== Material for the task ==
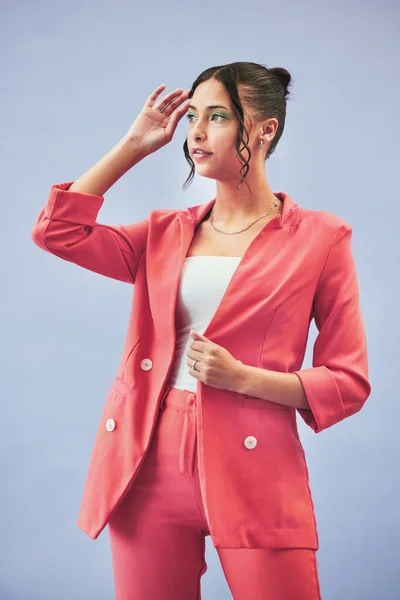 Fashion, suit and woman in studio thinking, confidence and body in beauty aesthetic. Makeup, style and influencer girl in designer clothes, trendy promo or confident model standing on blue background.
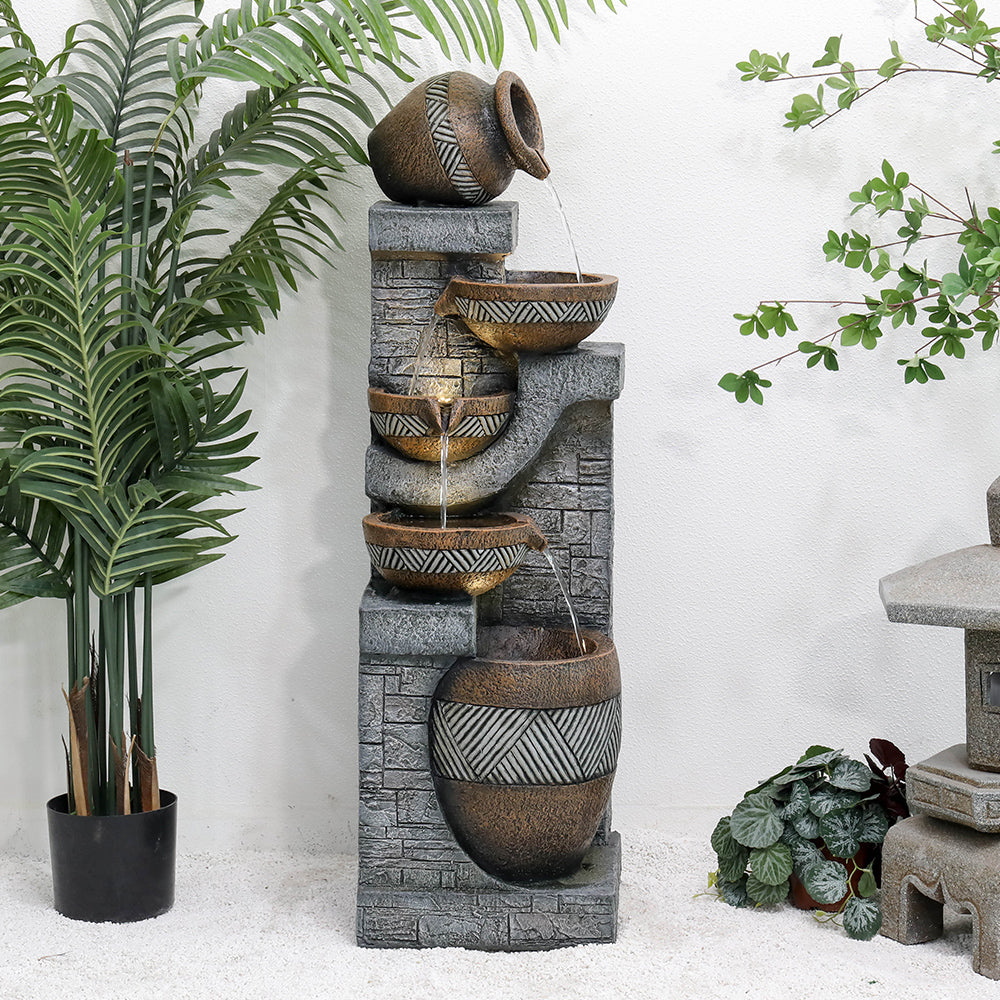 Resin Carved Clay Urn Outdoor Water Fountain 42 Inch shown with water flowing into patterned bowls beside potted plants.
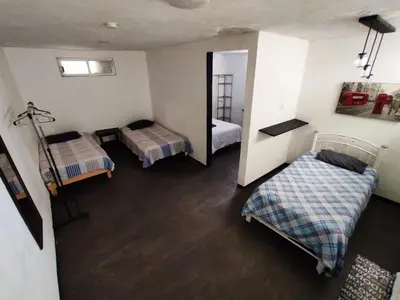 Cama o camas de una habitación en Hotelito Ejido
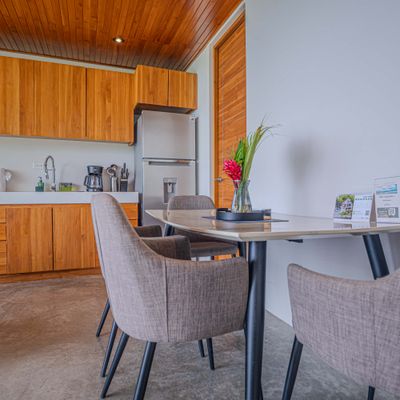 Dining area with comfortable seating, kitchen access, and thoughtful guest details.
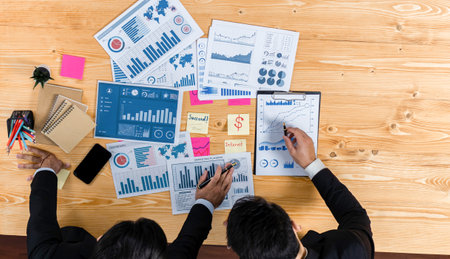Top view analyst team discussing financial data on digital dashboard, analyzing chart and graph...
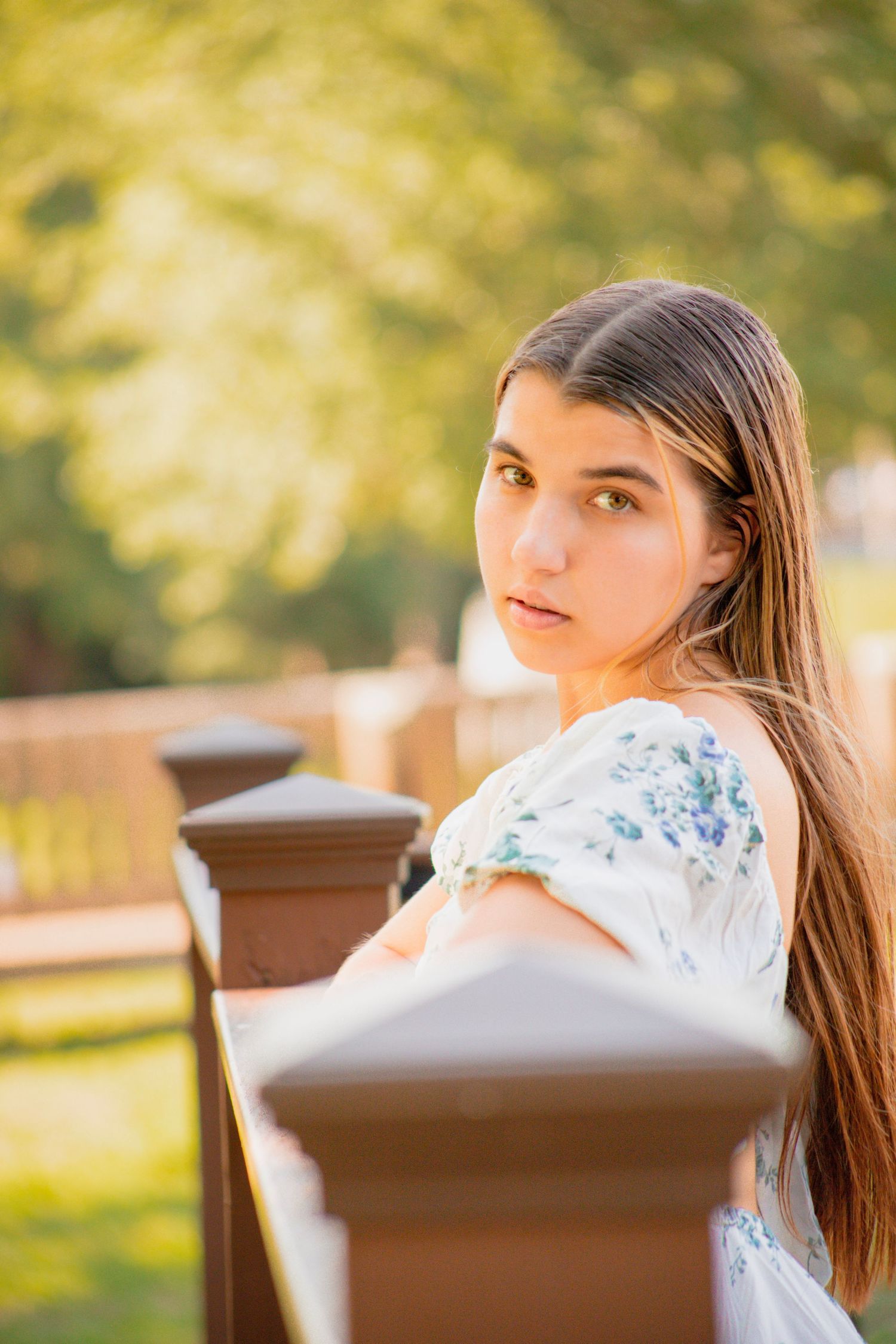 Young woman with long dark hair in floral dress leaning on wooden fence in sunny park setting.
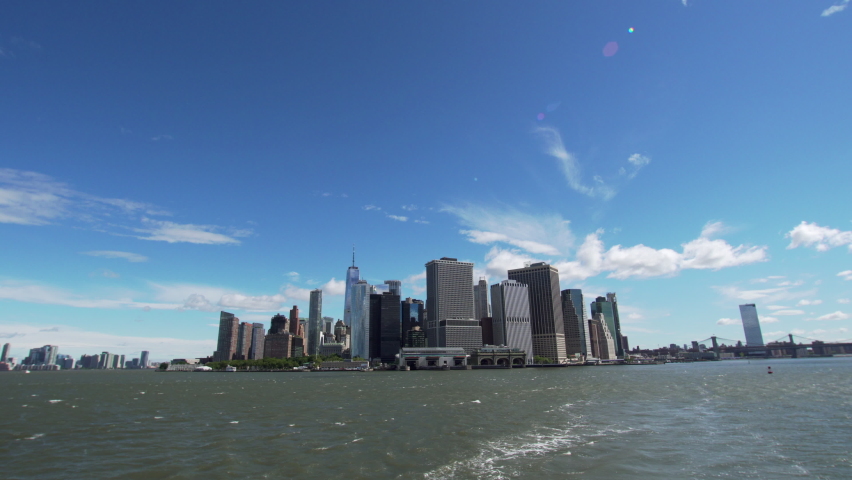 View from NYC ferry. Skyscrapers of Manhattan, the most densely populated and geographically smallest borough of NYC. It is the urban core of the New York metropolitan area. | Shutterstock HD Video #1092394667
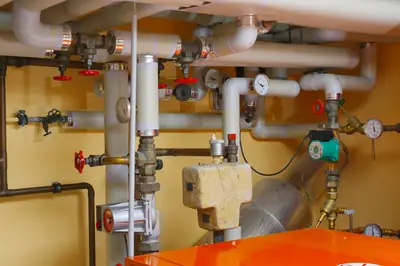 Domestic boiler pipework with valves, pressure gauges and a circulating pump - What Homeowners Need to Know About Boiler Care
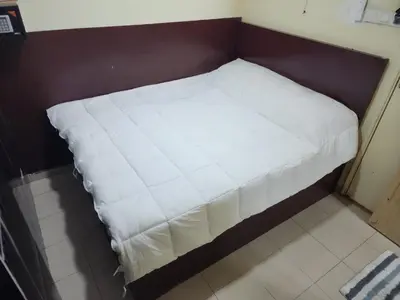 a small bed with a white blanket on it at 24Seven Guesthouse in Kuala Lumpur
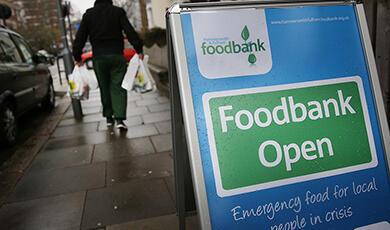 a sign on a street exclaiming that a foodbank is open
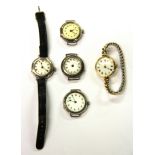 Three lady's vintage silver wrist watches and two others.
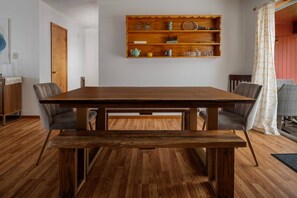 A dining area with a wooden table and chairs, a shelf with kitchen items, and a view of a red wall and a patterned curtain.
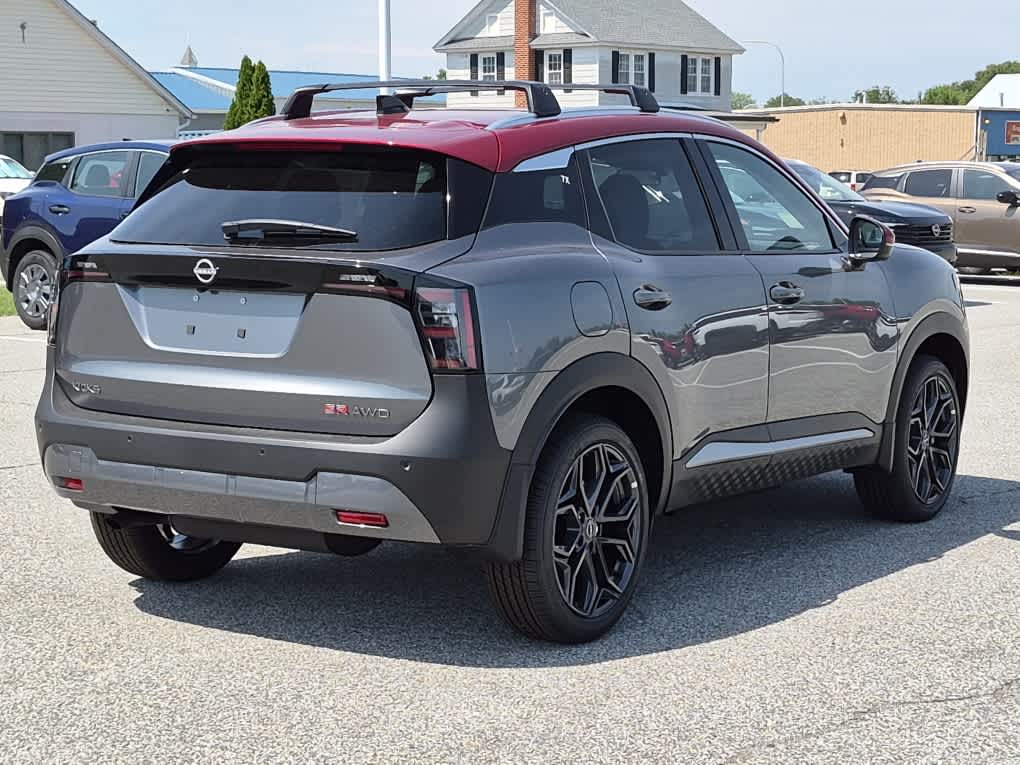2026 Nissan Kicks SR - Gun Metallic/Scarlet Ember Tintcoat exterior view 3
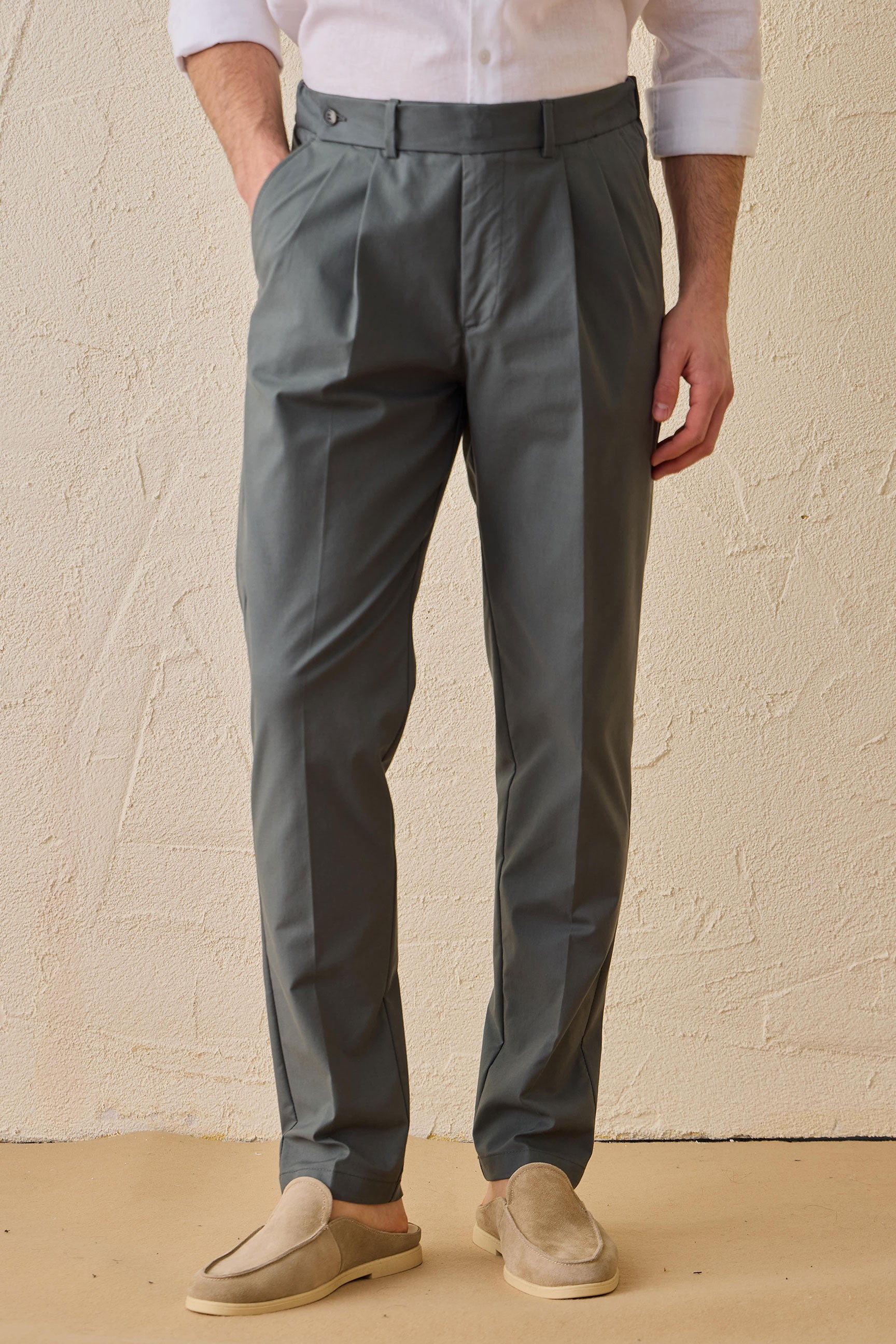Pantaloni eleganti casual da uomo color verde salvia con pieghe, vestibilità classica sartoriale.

== About this task ==
Write out an exact copy of the listing, first line through the line containing "a sign on a", with the pictures left out.

== Response ==
 Fashion, suit and woman in studio thinking, confidence and body in beauty aesthetic. Makeup, style and influencer girl in designer clothes, trendy promo or confident model standing on blue background.
 Resin Carved Clay Urn Outdoor Water Fountain 42 Inch shown with water flowing into patterned bowls beside potted plants.
 Cama o camas de una habitación en Hotelito Ejido
 Dining area with comfortable seating, kitchen access, and thoughtful guest details.
Top view analyst team discussing financial data on digital dashboard, analyzing chart and graph...
 Young woman with long dark hair in floral dress leaning on wooden fence in sunny park setting.
 View from NYC ferry. Skyscrapers of Manhattan, the most densely populated and geographically smallest borough of NYC. It is the urban core of the New York metropolitan area. | Shutterstock HD Video #1092394667
 Domestic boiler pipework with valves, pressure gauges and a circulating pump - What Homeowners Need to Know About Boiler Care
 a small bed with a white blanket on it at 24Seven Guesthouse in Kuala Lumpur
 a sign on a street exclaiming that a foodbank is open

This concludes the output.